Coltrain no quería poseerla. Quería caminar a su lado.
—Será difícil —advirtió Ada—. El pueblo nunca lo entenderá por completo.
—El pueblo ya no comprende casi nada de lo que hacemos.
Ella se acercó y apoyó la frente contra la suya.
Aquella casa dejó de ser únicamente la propiedad de Coltrain. Se convirtió en un lugar donde los viajeros encontraban agua, donde las mujeres recibían ayuda y donde nadie era rechazado por el color de su piel, su origen o la cantidad de dinero que llevaba en el bolsillo.
Cirilo continuó cuidando los caballos hasta que sus manos envejecieron demasiado para sujetar las riendas.

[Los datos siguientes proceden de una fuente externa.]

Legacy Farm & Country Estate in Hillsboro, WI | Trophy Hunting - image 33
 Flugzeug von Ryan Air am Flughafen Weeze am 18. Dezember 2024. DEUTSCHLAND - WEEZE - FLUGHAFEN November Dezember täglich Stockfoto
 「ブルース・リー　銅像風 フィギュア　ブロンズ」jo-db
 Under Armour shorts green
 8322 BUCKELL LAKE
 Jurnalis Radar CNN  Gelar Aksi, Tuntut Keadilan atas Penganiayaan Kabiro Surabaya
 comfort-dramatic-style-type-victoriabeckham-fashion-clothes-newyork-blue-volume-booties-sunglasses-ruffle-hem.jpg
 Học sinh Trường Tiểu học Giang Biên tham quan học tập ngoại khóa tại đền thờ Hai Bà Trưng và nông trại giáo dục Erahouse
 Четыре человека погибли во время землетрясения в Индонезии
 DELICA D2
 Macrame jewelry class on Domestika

Abundio creció y terminó administrando el corral. Doña Pilar ayudó a Ada a enseñar a otras jóvenes las propiedades medicinales de las plantas.
Años después, las personas comenzaron a llamar al lugar El Huerto de Chioma, en honor a la madre de Ada.
Coltrain mandó colocar una pequeña placa de madera junto a la entrada. No mencionaba las monedas ni el mercado. Solo contenía una frase elegida por Ada:
“Aquí nadie tiene precio.”
La libertad legal completa tardó muchos años en llegar. Cuando finalmente recibió los papeles definitivos, Ada no lloró ni cayó de rodillas.
Los leyó lentamente, los dobló y los guardó junto a las canciones escritas de su pueblo.
—Ahora eres libre —dijo Coltrain.
Ada lo miró con serenidad.
—Siempre lo fui por dentro. El problema era que el mundo se negaba a reconocerlo.
Esa noche encendió una lámpara en el huerto y habló nuevamente con su madre.
Le dijo que no había regresado a casa.
Pero también le dijo que había conseguido algo que creyó perdido para siempre.
Había construido un lugar donde podía pronunciar su nombre sin miedo.
Donde las personas la miraban y veían a Ada, hija de Chioma, sanadora y mujer libre.
No una esclava.
No una mercancía.
No las dos monedas que un vaquero había dejado sobre una mesa.
Y mientras Coltrain esperaba en silencio junto a la puerta, Ada comprendió que él no la había salvado.
Le había abierto una puerta.
Pero había sido ella quien decidió atravesarla.